[Dataset items]

════════════════

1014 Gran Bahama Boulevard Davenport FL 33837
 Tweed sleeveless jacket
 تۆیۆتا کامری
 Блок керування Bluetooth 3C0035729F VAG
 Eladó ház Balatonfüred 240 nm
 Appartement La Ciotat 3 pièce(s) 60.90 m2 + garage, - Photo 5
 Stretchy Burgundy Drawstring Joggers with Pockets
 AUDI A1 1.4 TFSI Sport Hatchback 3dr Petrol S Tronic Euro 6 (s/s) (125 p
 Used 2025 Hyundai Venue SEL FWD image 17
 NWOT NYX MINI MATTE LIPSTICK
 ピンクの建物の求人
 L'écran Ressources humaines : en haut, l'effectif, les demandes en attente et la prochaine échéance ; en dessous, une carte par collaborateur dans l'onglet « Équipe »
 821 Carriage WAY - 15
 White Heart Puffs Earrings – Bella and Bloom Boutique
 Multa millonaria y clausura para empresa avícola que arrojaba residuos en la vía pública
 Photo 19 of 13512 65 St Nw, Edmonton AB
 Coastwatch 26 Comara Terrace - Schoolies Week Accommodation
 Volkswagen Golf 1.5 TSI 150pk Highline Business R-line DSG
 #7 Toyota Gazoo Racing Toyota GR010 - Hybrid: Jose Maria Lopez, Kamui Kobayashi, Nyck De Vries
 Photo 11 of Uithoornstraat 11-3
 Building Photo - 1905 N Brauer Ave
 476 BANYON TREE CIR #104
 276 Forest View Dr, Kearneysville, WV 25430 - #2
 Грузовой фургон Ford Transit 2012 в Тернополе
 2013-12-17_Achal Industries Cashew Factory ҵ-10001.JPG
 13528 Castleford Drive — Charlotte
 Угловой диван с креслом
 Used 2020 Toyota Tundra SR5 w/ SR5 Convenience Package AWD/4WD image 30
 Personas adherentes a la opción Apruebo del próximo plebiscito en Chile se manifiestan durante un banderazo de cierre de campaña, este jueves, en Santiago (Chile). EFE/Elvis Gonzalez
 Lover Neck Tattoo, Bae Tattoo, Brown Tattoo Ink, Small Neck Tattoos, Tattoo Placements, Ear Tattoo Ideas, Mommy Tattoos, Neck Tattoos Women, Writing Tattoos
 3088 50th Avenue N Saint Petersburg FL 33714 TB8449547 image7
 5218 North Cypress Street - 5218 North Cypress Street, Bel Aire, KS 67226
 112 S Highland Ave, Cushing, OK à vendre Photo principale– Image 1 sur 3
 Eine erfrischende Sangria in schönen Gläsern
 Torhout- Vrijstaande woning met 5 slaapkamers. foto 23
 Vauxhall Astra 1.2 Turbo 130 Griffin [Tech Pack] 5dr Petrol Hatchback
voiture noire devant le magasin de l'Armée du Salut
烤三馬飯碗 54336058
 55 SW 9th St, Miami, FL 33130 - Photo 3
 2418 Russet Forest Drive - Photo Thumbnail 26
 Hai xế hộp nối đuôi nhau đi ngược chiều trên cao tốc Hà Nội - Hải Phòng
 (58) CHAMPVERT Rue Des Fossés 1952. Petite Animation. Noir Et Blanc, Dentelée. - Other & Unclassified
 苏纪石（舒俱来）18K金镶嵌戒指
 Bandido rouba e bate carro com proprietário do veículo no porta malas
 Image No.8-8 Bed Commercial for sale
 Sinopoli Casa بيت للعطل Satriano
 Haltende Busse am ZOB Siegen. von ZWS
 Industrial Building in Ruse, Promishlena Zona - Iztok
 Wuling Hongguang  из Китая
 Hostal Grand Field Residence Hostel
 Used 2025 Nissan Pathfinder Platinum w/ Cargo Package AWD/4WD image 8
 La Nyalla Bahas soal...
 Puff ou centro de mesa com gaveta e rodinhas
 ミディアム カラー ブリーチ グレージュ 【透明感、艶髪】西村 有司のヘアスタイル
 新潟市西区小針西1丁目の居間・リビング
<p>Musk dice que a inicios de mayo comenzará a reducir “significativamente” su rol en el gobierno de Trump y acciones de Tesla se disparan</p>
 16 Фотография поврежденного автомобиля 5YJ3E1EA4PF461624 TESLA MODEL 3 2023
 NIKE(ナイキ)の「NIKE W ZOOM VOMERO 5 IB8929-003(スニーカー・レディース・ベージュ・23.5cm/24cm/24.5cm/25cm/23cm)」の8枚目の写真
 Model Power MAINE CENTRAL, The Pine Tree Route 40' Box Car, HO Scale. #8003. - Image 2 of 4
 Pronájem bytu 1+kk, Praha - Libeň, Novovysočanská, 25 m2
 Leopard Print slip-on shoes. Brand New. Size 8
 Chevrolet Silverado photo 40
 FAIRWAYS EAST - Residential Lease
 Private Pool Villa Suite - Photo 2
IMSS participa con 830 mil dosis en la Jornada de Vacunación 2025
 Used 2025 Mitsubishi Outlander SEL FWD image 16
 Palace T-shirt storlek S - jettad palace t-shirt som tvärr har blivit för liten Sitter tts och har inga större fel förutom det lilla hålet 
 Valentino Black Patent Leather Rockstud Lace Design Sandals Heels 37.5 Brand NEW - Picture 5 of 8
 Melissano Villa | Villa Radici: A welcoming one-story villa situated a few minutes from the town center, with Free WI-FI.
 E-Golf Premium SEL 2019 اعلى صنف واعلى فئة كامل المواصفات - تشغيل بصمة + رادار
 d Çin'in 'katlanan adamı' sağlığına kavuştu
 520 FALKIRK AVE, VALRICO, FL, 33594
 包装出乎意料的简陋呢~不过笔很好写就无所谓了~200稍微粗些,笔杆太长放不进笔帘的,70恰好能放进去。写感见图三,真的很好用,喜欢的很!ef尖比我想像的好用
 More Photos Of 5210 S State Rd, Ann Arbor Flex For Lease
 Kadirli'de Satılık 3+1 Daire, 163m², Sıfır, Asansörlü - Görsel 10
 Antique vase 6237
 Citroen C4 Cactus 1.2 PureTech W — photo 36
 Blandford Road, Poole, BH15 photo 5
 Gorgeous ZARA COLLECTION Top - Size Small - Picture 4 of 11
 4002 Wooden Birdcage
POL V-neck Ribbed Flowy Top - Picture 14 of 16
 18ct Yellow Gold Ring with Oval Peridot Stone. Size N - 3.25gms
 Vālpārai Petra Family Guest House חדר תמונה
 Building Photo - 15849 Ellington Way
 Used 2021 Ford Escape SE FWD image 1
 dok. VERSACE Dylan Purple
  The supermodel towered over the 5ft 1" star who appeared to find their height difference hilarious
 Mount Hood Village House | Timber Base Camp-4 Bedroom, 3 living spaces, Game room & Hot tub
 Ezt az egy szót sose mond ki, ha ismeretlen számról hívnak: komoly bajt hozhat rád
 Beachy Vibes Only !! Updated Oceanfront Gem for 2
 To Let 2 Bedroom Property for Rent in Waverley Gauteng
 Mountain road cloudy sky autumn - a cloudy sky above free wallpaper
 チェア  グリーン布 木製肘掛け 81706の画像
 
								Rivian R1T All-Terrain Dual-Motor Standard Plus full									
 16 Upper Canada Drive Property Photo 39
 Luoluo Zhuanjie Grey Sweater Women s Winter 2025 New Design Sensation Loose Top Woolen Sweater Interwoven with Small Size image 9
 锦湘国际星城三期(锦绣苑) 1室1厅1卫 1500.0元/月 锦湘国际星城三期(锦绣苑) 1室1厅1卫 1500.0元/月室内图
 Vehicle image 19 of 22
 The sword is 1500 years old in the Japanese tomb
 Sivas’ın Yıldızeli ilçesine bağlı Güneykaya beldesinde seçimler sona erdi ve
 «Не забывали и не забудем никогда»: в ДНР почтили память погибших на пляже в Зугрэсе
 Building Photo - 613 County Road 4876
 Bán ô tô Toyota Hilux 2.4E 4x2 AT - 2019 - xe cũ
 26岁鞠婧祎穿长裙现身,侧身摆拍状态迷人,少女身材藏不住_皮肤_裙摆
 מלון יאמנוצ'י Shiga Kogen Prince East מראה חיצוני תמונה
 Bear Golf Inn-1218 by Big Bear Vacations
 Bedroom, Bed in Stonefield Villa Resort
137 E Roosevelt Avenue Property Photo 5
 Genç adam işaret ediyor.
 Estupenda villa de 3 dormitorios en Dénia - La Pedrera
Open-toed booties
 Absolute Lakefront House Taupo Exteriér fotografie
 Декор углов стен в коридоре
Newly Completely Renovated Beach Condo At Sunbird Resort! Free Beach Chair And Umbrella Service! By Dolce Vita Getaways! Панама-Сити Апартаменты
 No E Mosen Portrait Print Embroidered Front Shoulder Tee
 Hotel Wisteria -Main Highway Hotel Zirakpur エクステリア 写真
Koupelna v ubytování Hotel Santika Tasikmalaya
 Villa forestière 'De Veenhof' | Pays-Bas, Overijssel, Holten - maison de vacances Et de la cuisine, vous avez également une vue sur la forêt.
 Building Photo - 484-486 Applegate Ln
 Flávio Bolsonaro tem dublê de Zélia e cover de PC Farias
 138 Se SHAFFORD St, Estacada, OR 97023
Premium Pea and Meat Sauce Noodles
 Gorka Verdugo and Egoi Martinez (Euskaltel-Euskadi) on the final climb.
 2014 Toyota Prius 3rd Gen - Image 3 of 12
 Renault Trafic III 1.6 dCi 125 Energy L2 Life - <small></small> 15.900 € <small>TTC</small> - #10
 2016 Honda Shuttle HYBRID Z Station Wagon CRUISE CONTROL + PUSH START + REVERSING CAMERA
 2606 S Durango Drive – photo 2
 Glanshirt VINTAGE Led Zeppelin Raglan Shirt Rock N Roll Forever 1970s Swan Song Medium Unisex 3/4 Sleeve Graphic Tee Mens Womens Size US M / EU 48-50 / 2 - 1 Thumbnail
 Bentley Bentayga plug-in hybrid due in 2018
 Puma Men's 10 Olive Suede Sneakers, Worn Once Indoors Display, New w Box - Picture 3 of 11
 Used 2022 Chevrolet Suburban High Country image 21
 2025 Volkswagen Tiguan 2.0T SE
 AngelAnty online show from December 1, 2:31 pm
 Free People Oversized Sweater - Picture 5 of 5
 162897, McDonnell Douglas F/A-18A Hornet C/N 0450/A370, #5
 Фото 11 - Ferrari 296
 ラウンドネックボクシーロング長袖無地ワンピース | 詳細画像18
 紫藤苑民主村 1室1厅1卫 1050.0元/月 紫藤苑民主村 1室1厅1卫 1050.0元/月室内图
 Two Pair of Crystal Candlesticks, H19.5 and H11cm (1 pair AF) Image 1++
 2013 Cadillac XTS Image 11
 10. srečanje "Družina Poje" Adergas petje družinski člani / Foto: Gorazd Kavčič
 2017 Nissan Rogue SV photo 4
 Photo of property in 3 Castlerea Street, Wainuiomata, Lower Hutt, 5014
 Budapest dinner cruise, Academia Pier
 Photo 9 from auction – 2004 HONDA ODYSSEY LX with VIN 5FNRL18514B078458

════════════════

__The problem__
Given the data above, transcribe exactly the lines from the one containing "Model Power MAINE" down to the one containing "Antique vase 6237", and no others.

__Response to the task__
 Model Power MAINE CENTRAL, The Pine Tree Route 40' Box Car, HO Scale. #8003. - Image 2 of 4
 Pronájem bytu 1+kk, Praha - Libeň, Novovysočanská, 25 m2
 Leopard Print slip-on shoes. Brand New. Size 8
 Chevrolet Silverado photo 40
 FAIRWAYS EAST - Residential Lease
 Private Pool Villa Suite - Photo 2
IMSS participa con 830 mil dosis en la Jornada de Vacunación 2025
 Used 2025 Mitsubishi Outlander SEL FWD image 16
 Palace T-shirt storlek S - jettad palace t-shirt som tvärr har blivit för liten Sitter tts och har inga större fel förutom det lilla hålet 
 Valentino Black Patent Leather Rockstud Lace Design Sandals Heels 37.5 Brand NEW - Picture 5 of 8
 Melissano Villa | Villa Radici: A welcoming one-story villa situated a few minutes from the town center, with Free WI-FI.
 E-Golf Premium SEL 2019 اعلى صنف واعلى فئة كامل المواصفات - تشغيل بصمة + رادار
 d Çin'in 'katlanan adamı' sağlığına kavuştu
 520 FALKIRK AVE, VALRICO, FL, 33594
 包装出乎意料的简陋呢~不过笔很好写就无所谓了~200稍微粗些,笔杆太长放不进笔帘的,70恰好能放进去。写感见图三,真的很好用,喜欢的很!ef尖比我想像的好用
 More Photos Of 5210 S State Rd, Ann Arbor Flex For Lease
 Kadirli'de Satılık 3+1 Daire, 163m², Sıfır, Asansörlü - Görsel 10
 Antique vase 6237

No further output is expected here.